Kincaid entró en el cementerio por la gruesa verja de barrotes. Un borracho roncaba en un banco junto a la puerta de la iglesia, rompiendo el silencio. Kincaid giró a la izquierda hasta el verdor de la ladera cubierta de tumbas, que ya a principios de primavera estaba invadida de vegetación. El camino serpenteaba bajo las pesadas ramas de los árboles de hoja perenne, abriéndose paso entre las losas de piedra gris, manchadas de líquenes. Se detuvo en su lugar preferido, justo antes del límite del muro inferior.

La inscripción junto a la tumba decía: «John Constable, Esq., R.A., 1837». Constable yacía junto a su esposa, Mary Elizabeth, y el epitafio mencionaba también al hijo de ambos, John Charles, muerto a los veintitrés años. El nombre de Constable estaba asociado con la historia de casi todos los rincones de Hampstead, pues alquiló una casa tras otra desde 1819 hasta su muerte, y se decía que había pedido que su «descanso eterno» tuviera lugar en el pueblo que había inmortalizado en sus cuadros.

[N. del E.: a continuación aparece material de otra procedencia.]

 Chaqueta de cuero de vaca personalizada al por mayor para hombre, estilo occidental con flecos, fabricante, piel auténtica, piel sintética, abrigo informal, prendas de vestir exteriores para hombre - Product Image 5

Kincaid no sabía por qué aquel monumento victoriano le resultaba tan consolador, pero desde que vivía en Hampstead había tomado la costumbre de ir a pensar allí cuando no podía resolver algo. Se sentó en una roca y frotó una ramita entre los dedos, deshaciendo la corteza oscura en polvo. Frunció las cejas e intentó aclararse, concentrarse. Su instinto visceral le decía que Meg quería sinceramente a Jasmine, y no le habría hecho daño contra sus deseos. Sin embargo, Roger era de otra pasta, y bastante apestosa, por cierto. El sexo implica un poder fuerte y a veces retorcido, y no estaba seguro de hasta qué punto Meg podía hacer la vista gorda para conservar su relación con Roger.